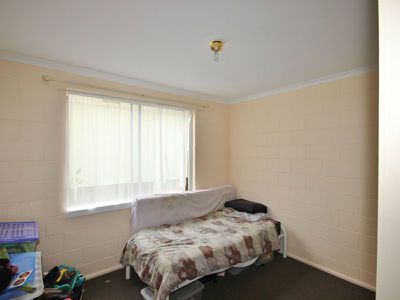 2 Emblen Street, Eden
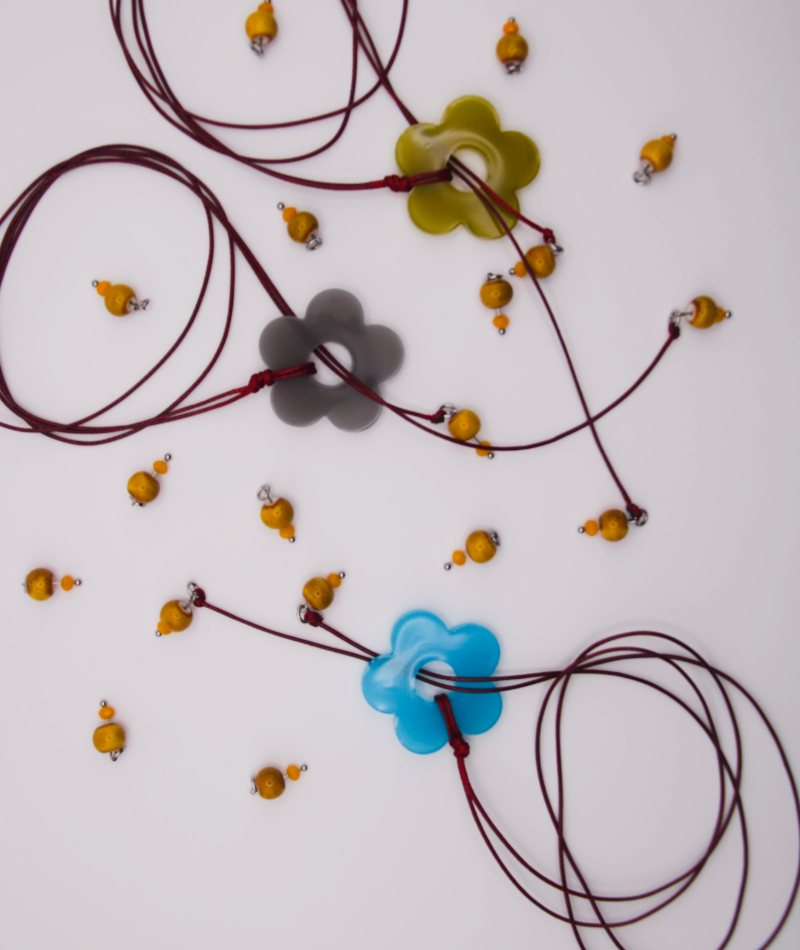Collar pasador flor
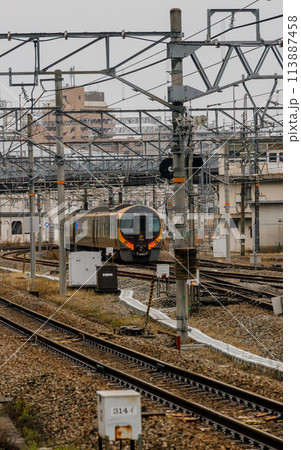 四国方面から走行してきたの特急列車しおかぜ 113887458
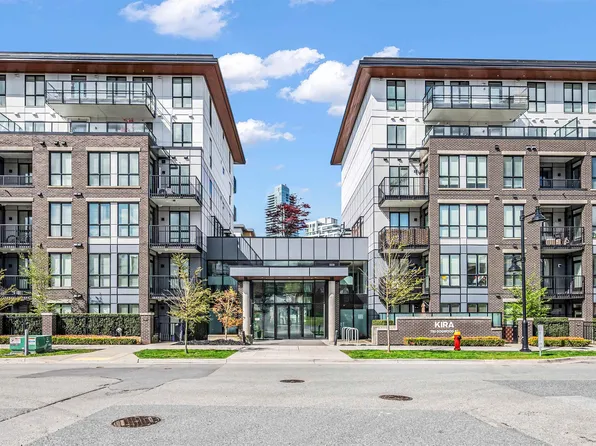 750 Dogwood St #321, Coquitlam, BC V3J 4B5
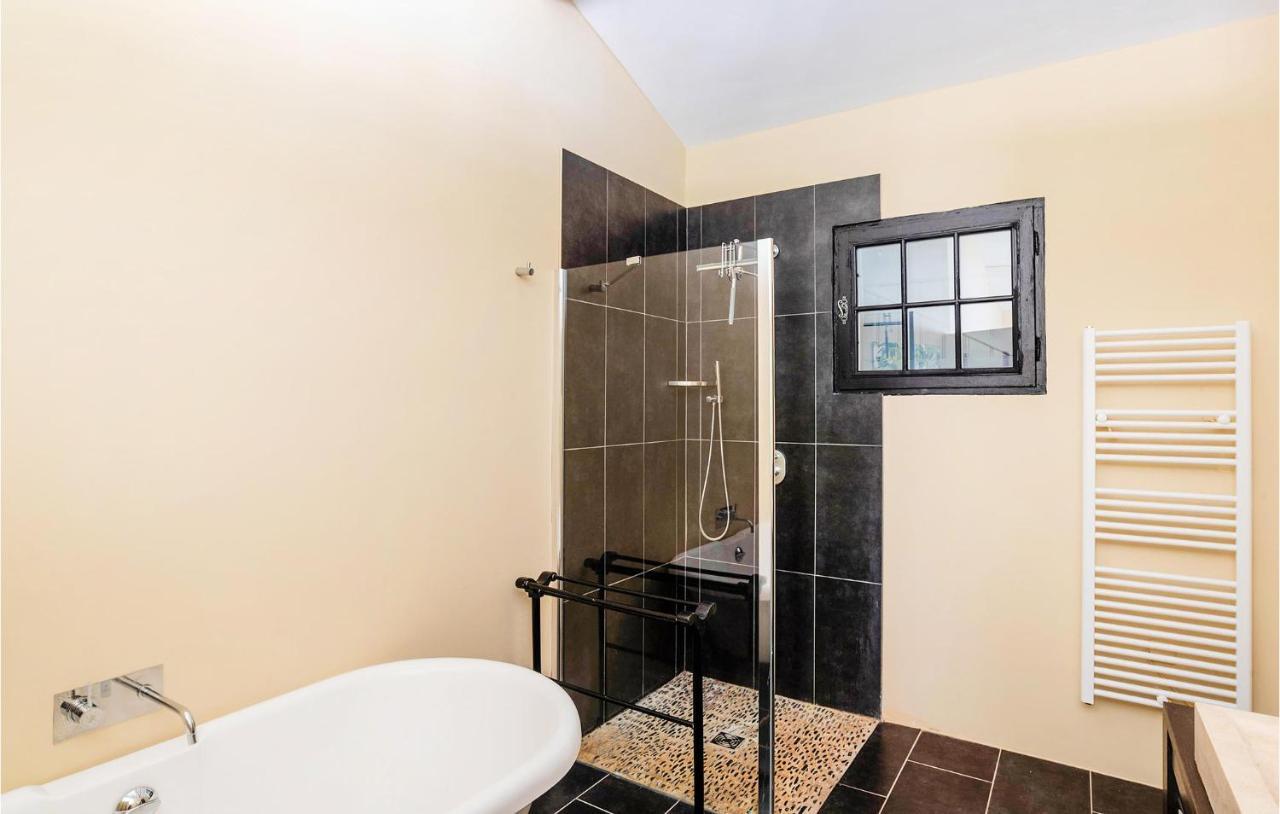 6 Bedroom Pet Friendly Home In Carcès 외부 사진
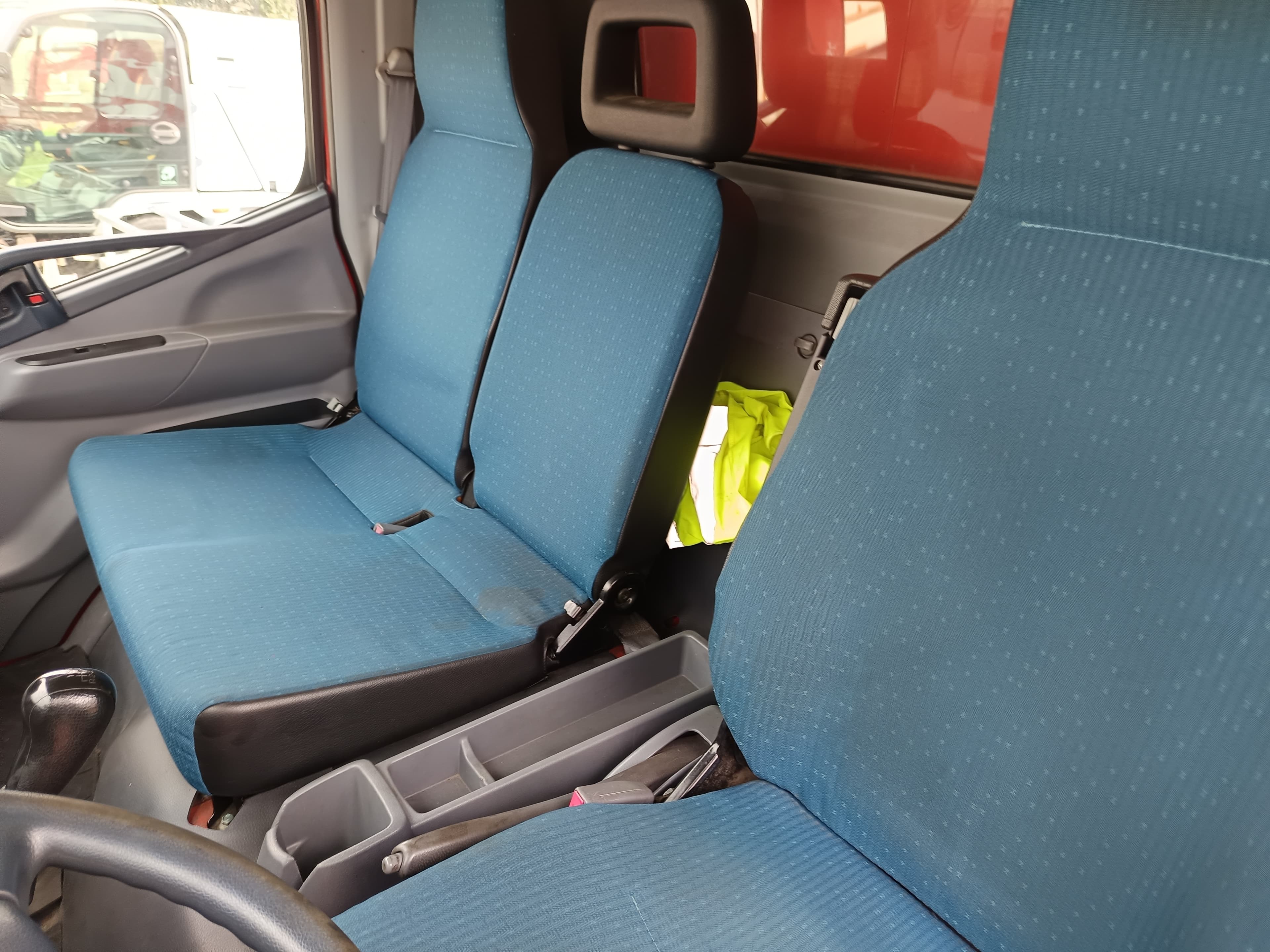 Mitsubishi Canter 7C18 · Ano 2012 — imagen 30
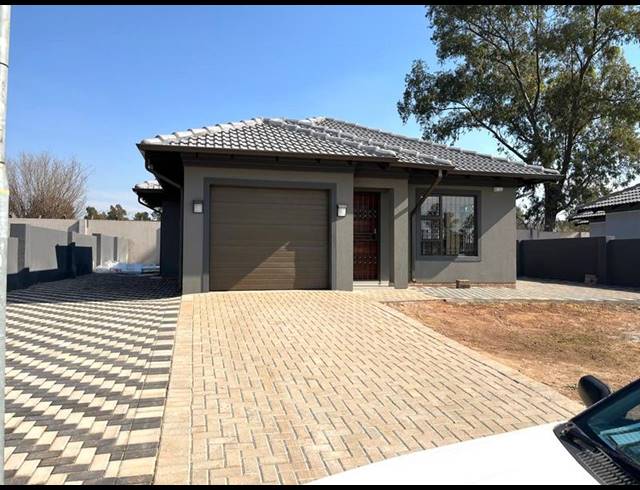 2 BEDROOM HOUSE FOR SALE IN KLERKSOORD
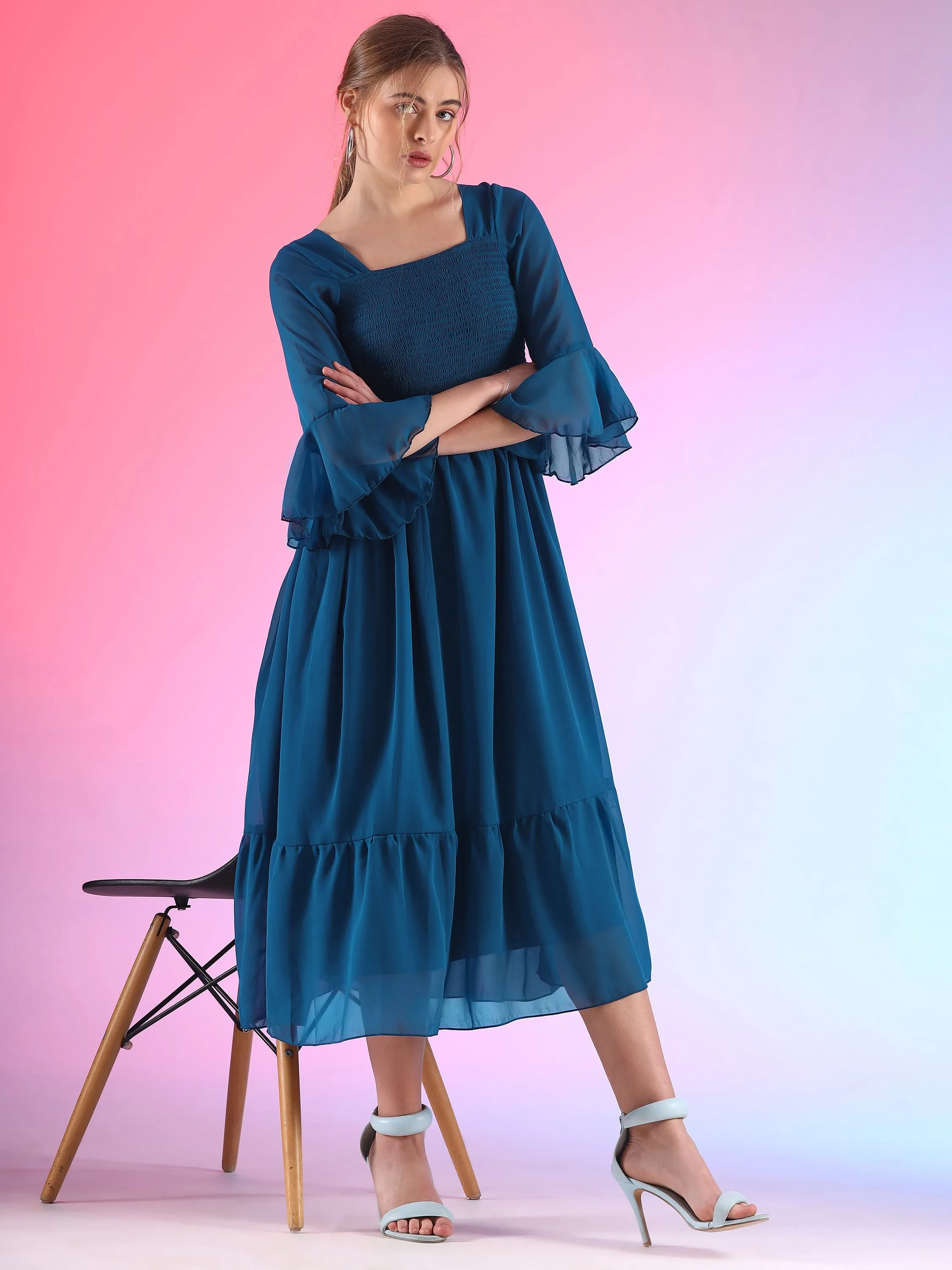 Women Solid Georgette Smoking A-line Midi Dress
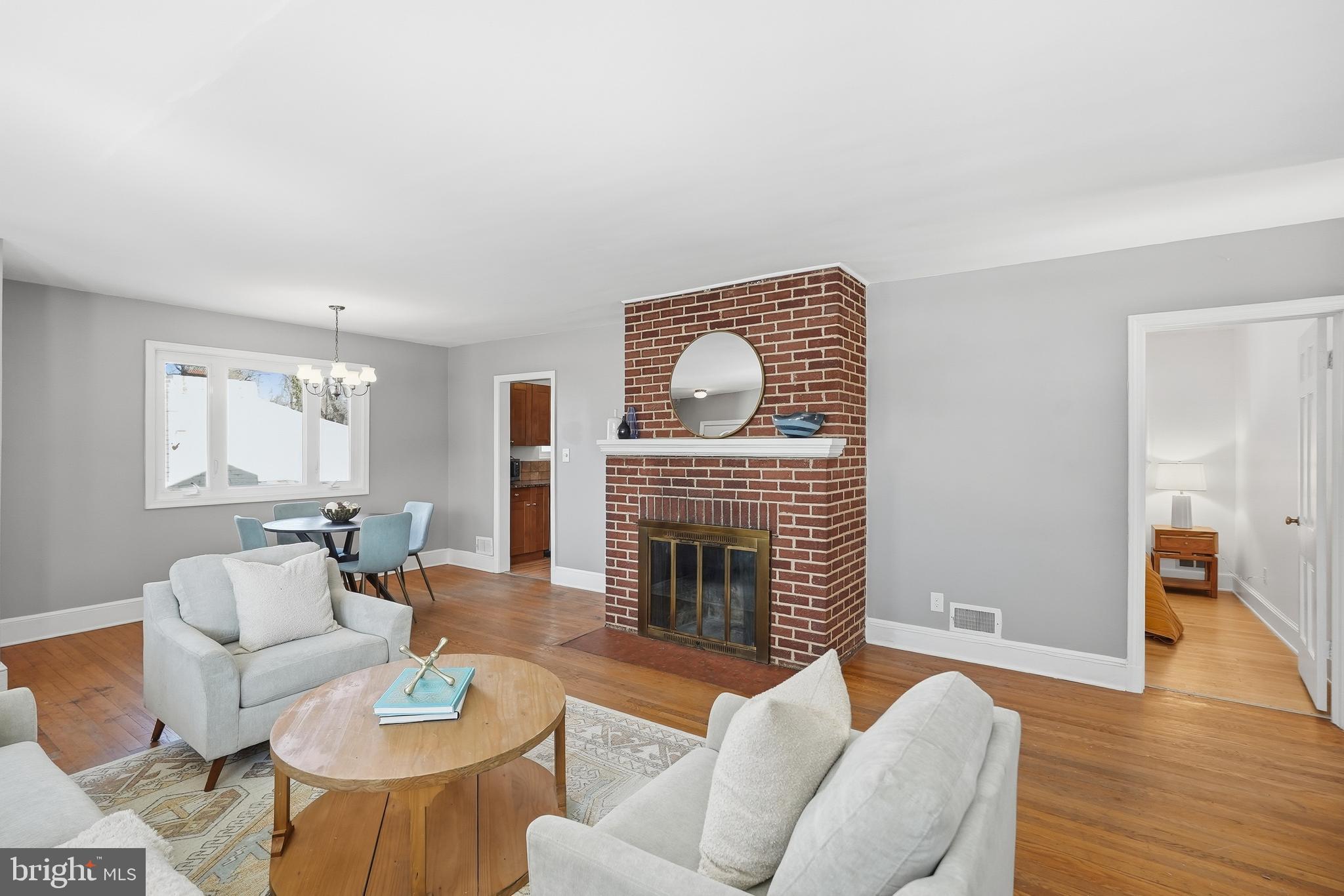 OXON HILL - Residential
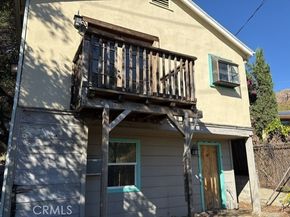 3130 N Mount Curve, Altadena CA 91001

----------

◆ WORK REQUIRED:
Leave out all images, then reproduce the entries above exactly.

◆ SOLUTION TO THIS PROBLEM:
 2 Emblen Street, Eden
Collar pasador flor
 四国方面から走行してきたの特急列車しおかぜ 113887458
 750 Dogwood St #321, Coquitlam, BC V3J 4B5
 6 Bedroom Pet Friendly Home In Carcès 외부 사진
 Mitsubishi Canter 7C18 · Ano 2012 — imagen 30
 2 BEDROOM HOUSE FOR SALE IN KLERKSOORD
 Women Solid Georgette Smoking A-line Midi Dress
 OXON HILL - Residential
 3130 N Mount Curve, Altadena CA 91001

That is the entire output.